Impairment of unproved properties
The assessment of unproved properties to determine any possible impairment requires significant judgment. We assess our unproved properties periodically for impairment on a property-by-property basis based on remaining lease terms, drilling results or future plans to develop acreage.
We recognize impairment expense for unproved properties at the time when the lease term has expired or sooner based on management’s periodic assessments. We consider the following factors in our assessment of the impairment of unproved properties:
|
|
•
|
the remaining amount of unexpired term under our leases;
|
|
|
•
|
our ability to actively manage and prioritize our capital expenditures to drill leases and to make payments to extend leases that may be close to expiration;
|
|
|
•
|
our ability to exchange lease positions with other companies that allow for higher concentrations of ownership and development;
|
|
|
•
|
our ability to convey partial mineral ownership to other companies in exchange for their drilling of leases; and
|
|
|
•
|
our evaluation of the continuing successful results from the application of completion technology in the Bakken and Three Forks formations by us or by other operators in areas adjacent to or near our unproved properties.
|
Business combinations
We account for business combinations under the acquisition method of accounting.

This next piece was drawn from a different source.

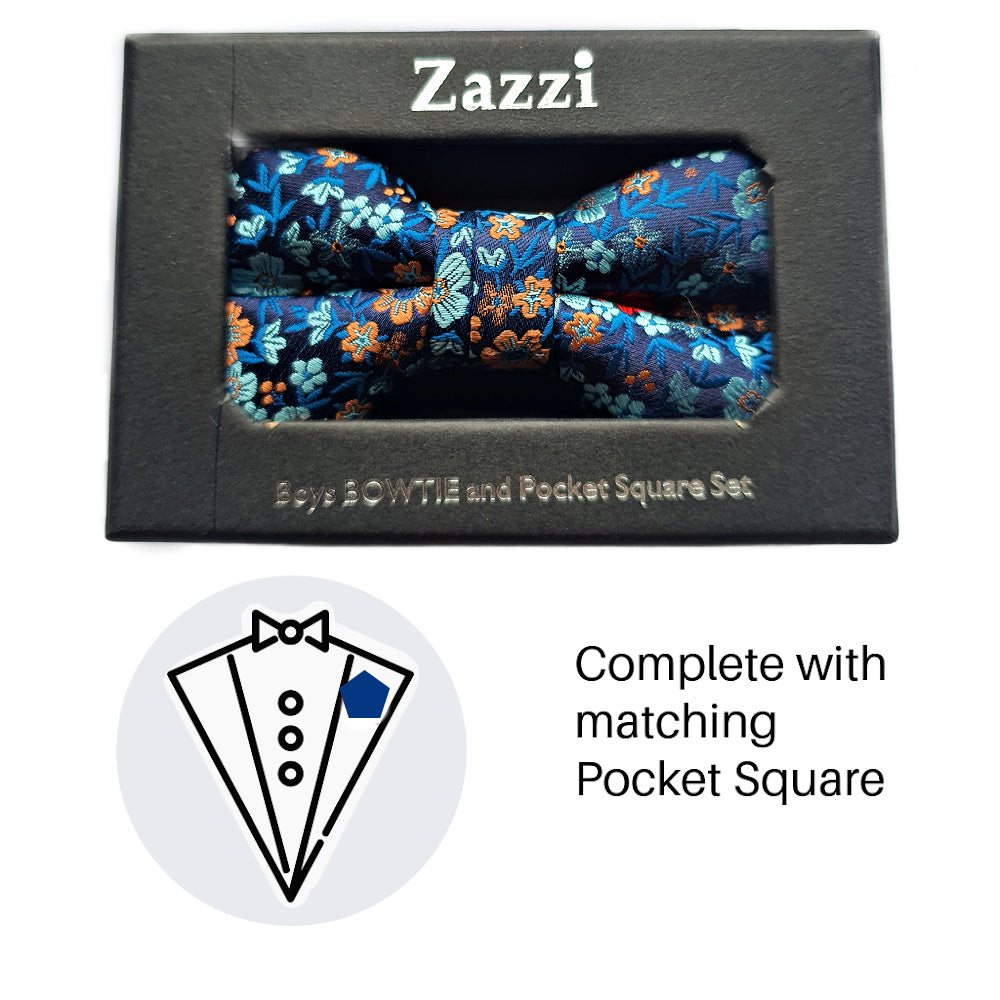 Zazzi Boys Bow Tie & Pocket Square B6078-2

Accordingly, we recognize amounts for identifiable assets acquired and liabilities assumed equal to their estimated acquisition date fair values. Transaction and integration costs associated with business combinations are expensed as incurred.

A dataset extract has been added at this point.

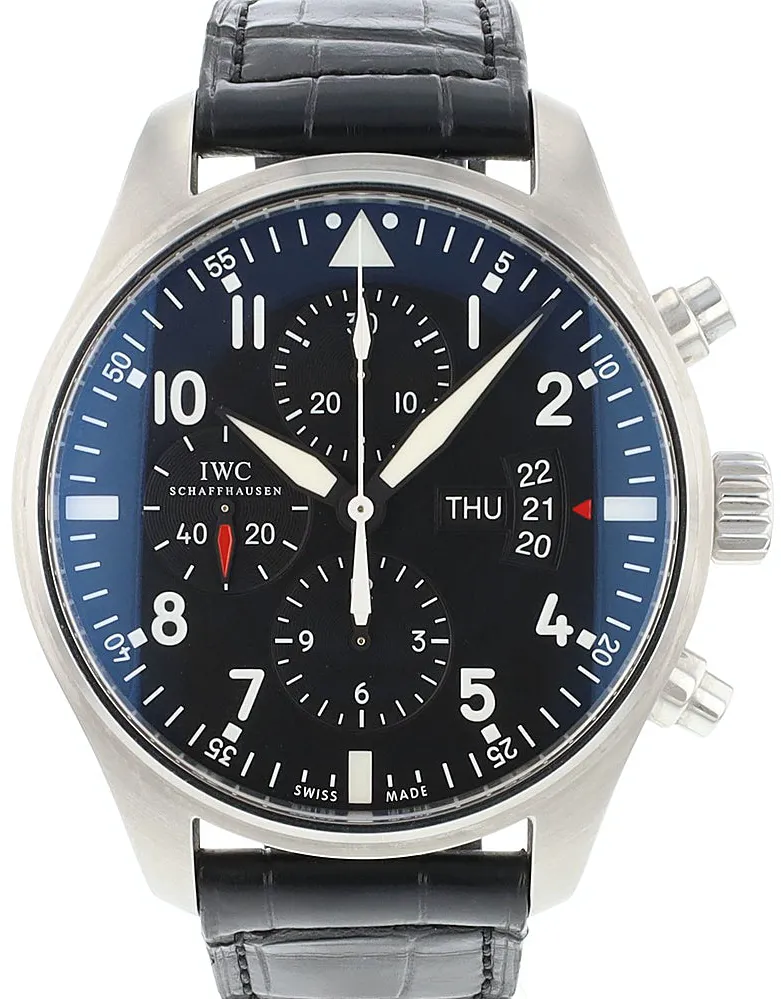 IWC Pilot IW377701 43mm Stainless steel Black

We make various assumptions in estimating the fair values of assets acquired and liabilities assumed. As fair value is a market-based measurement, it is determined based on the assumptions that market participants would use. The most significant assumptions relate to the estimated fair values of proved and unproved oil and natural gas properties. The fair values of these properties are measured using valuation techniques that convert future cash flows to a single discounted amount. Significant inputs to the valuation include estimates of reserves, future operating and development costs, future commodity prices and a market-based weighted average cost of capital rate. The market-based weighted average cost of capital rate is subjected to additional project-specific risking factors. In addition, when appropriate, we review comparable purchases and sales of oil and natural gas properties within the same regions, and use that data as a proxy for fair market value; for example, the amount a willing buyer and seller would enter into in exchange for such properties.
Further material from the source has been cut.